Dan Silverboard, a health care attorney with Holland & Knight, framed the legal picture simply: "Health care providers may simply sign off on whatever recommendation the AI program makes or approve ambient documentation without verifying that it accurately reflects the encounter. Those are the key risks."

The physician, not the technology, bears responsibility. Texas, for example, already requires providers to verify AI-generated documentation, and other states have followed with similar guidance.

Silverboard also urged physicians to document their use of AI in the medical record and to remember that they are personally attesting to the accuracy of every billing code. "There is no 'get out of jail free card' if an AI recommendation results in a higher code than what was actually performed," he said.

Patient acceptance is another variable, though the data are more encouraging than many expected. In the UCLA trial, less than 10% of patients declined to have the AI scribe used during their visit. At Kaiser Permanente, roughly two-thirds of surveyed patients said they were comfortable with the technology. But Wachter noted that some patients remain "a tiny bit creeped out by it," and practices should understand their population before assuming universal acceptance.

What comes next

Sims emphasized that the payoff depends on redesigning workflows, not just deploying technology. Practices that layer a scribe on top of a broken documentation process won't capture the full benefit.

A rapid review published in JMIR AI in October 2025 screened more than 1,400 studies on ambient scribes and found that just six met rigorous criteria for real-world evidence. The tools show promise, but the evidence base is still thin.

At UCSF, physicians have embraced the technology. "We've almost gotten to the point where, if we turned it off, we might lose a fair number of doctors," Wachter said. "It's almost become an expectation of practice now."

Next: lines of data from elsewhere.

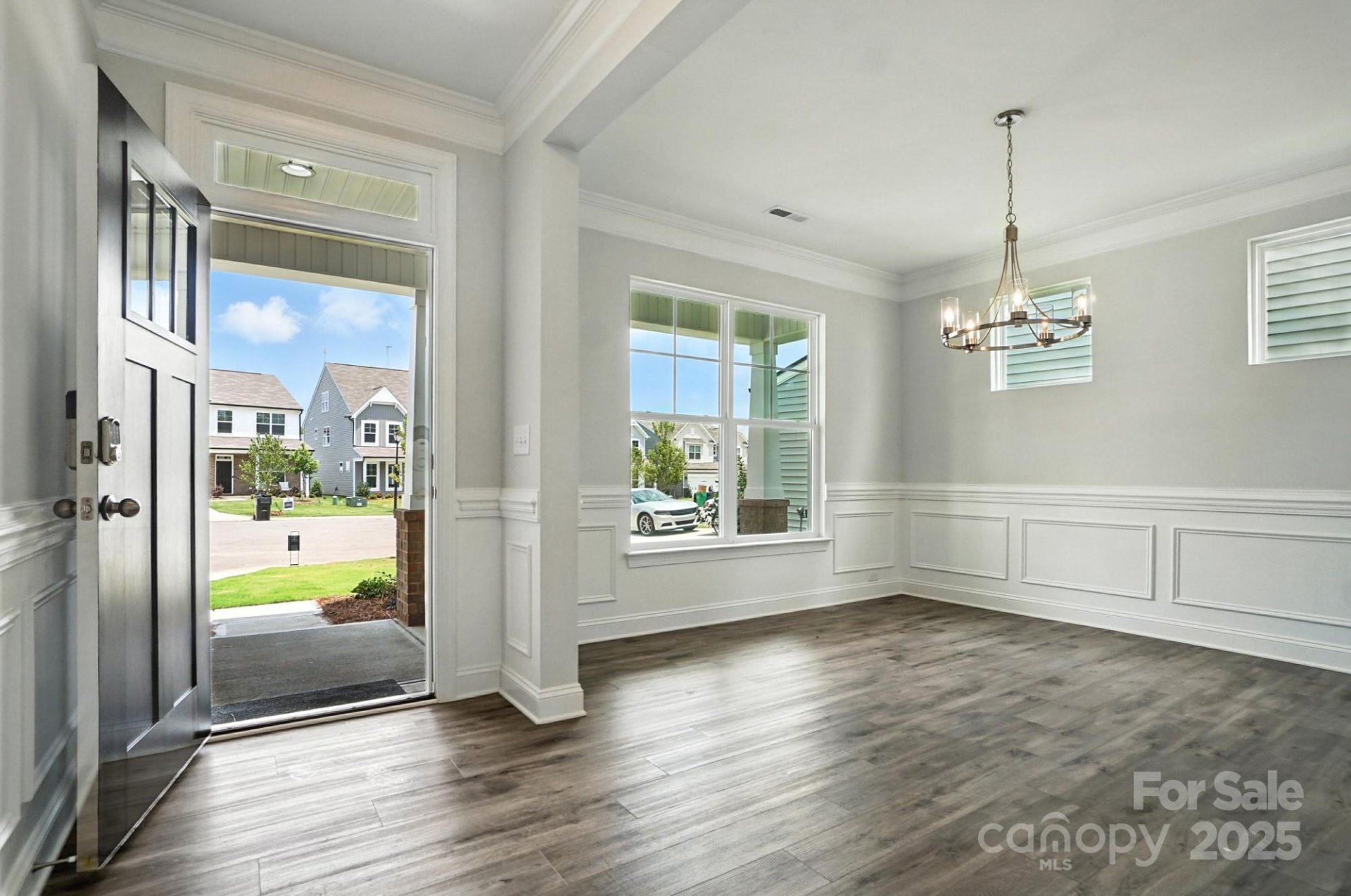 Property image 4 at 2017 Embassy Court, Charlotte, NC 28213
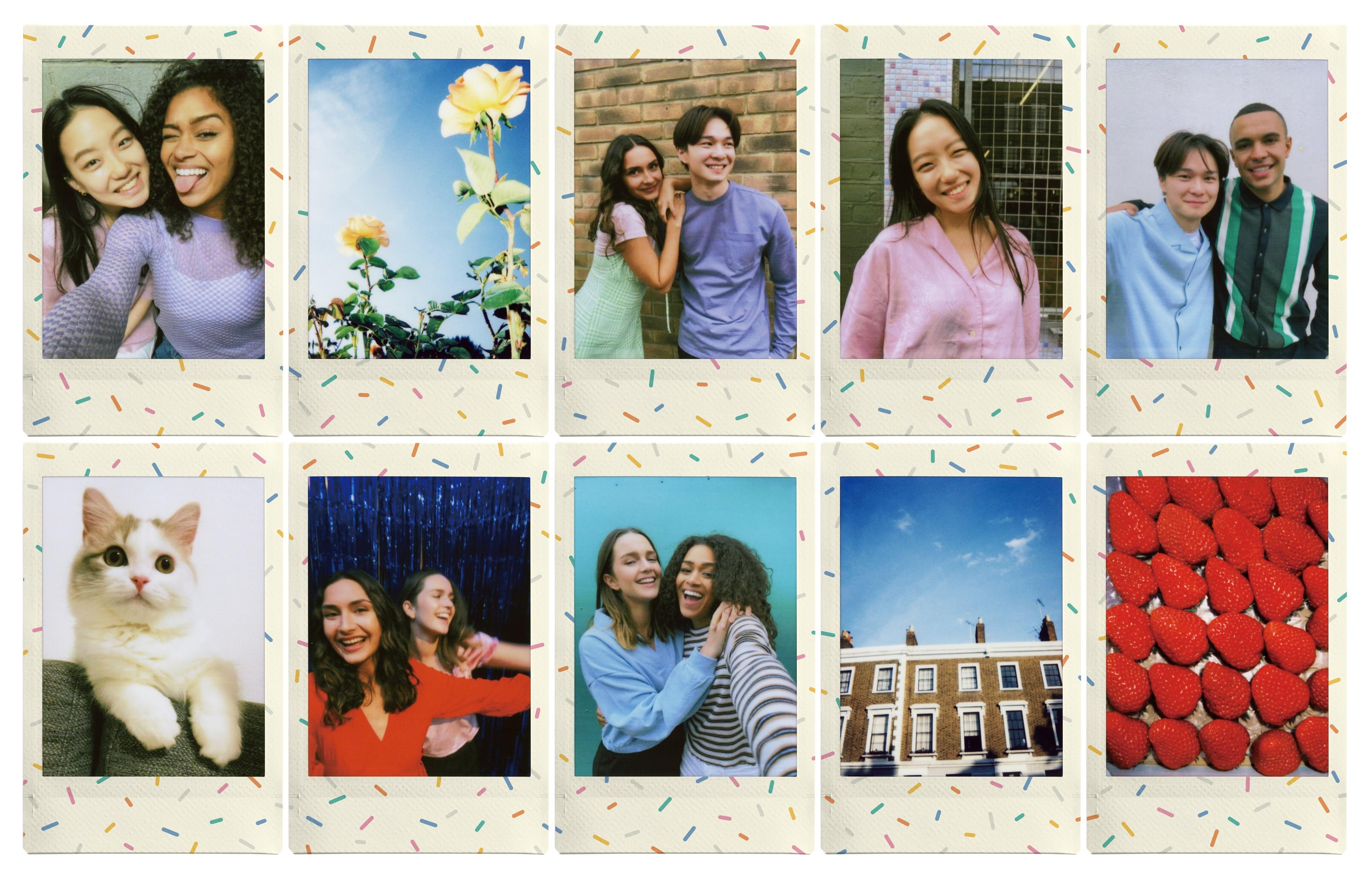 Dwie kobiety pozują, jedna wystawia język. Tło jest rozmyte. Obie się uśmiechają. Są na zdjęciu polaroidowym.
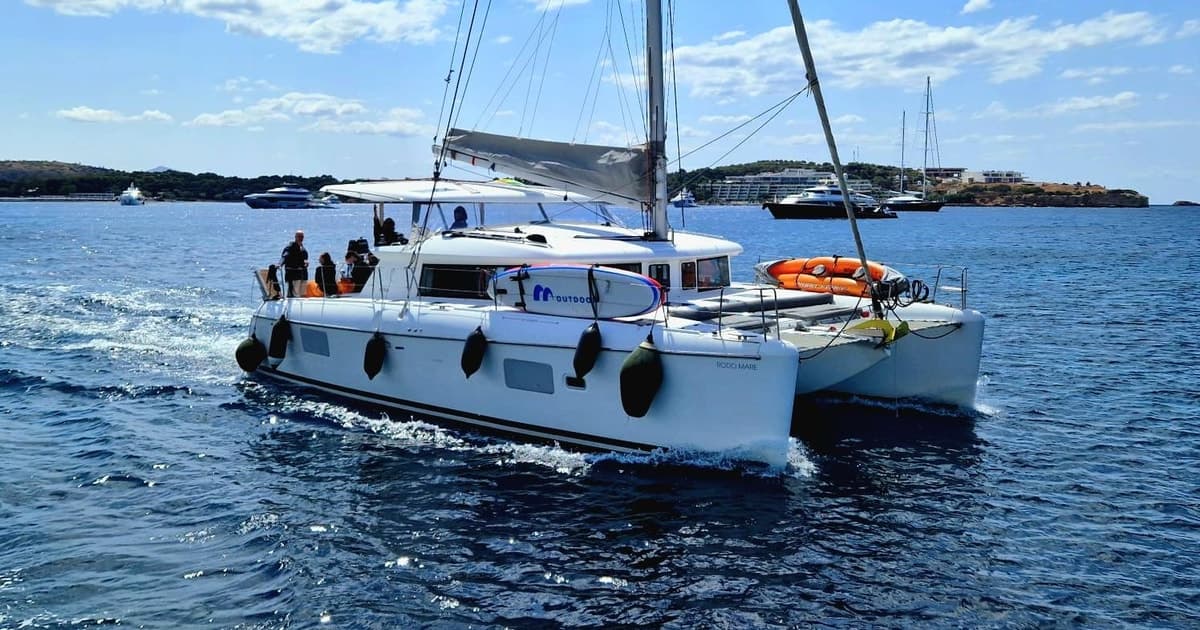 Atenas: tour en catamarán por la Riviera con comida recién hecha, cerveza y vino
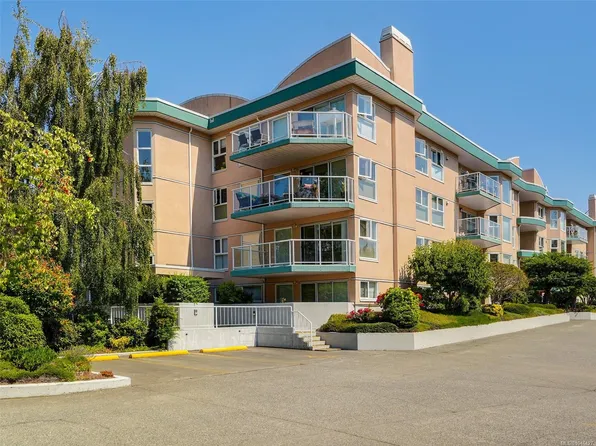 3009 Brittany Dr #305, Langford, BC V9B 5P8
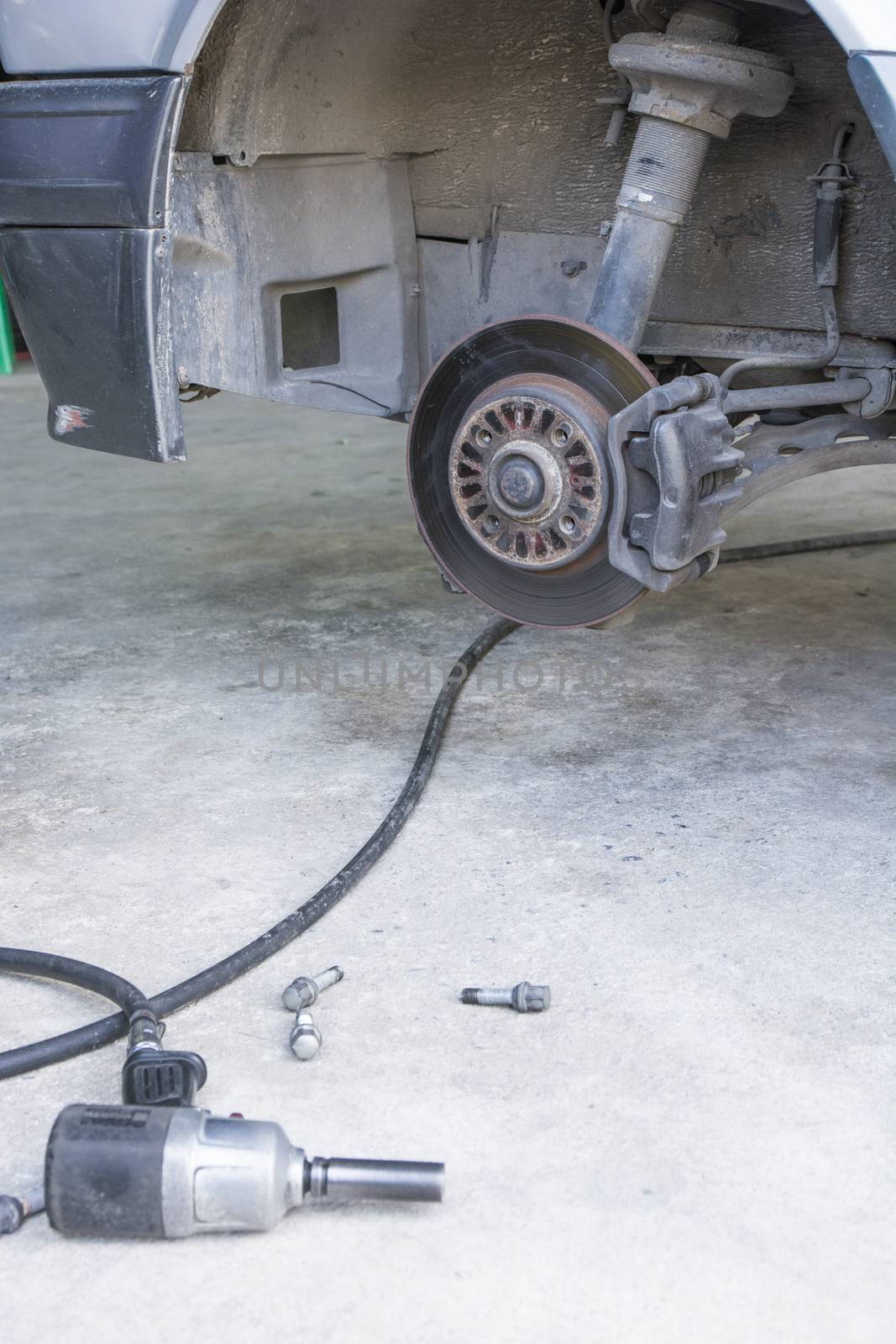 Car disc brakes pneumatic wrench tool by Sorapop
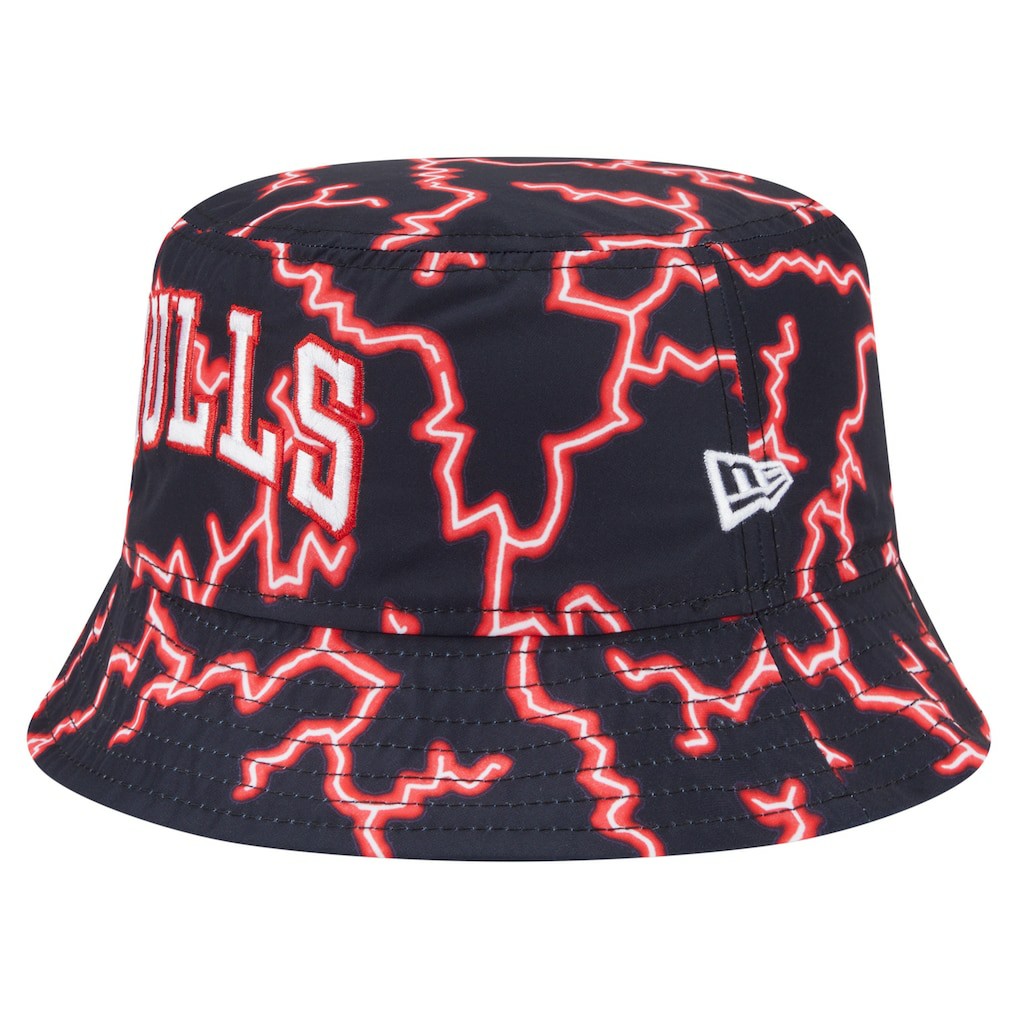 Chicago Bulls Summer Sun and Storm Reversible Bucket Hat Black/Light Blue | New Era for sale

At Kaiser Permanente, a clinician’s age or years in practice had no correlation with adoption success. Instead, it was the heaviest-documenting specialties — mental health, primary care and emergency medicine — that saw the highest uptake.

Ultimately, the success story of AI scribes has implications far beyond improved documentation workflows. “The biggest success of scribes, when that story is finally written,” Wachter said, “will be winning over hearts and minds and creating receptivity for bigger, broader and, ultimately, more impactful tools.”

In “A Giant Leap,” he says the success of AI scribes is a single in the health care ballpark. The home run is clinical decision support that helps physicians choose the right test and the right treatment. Those tools require trust. And in health care, trust has to be earned one step at a time.

The AI scribe era is here. The tools are improving fast, the research is building and the message is consistent: Review your notes, understand your vendor and don't treat the technology as a finished product.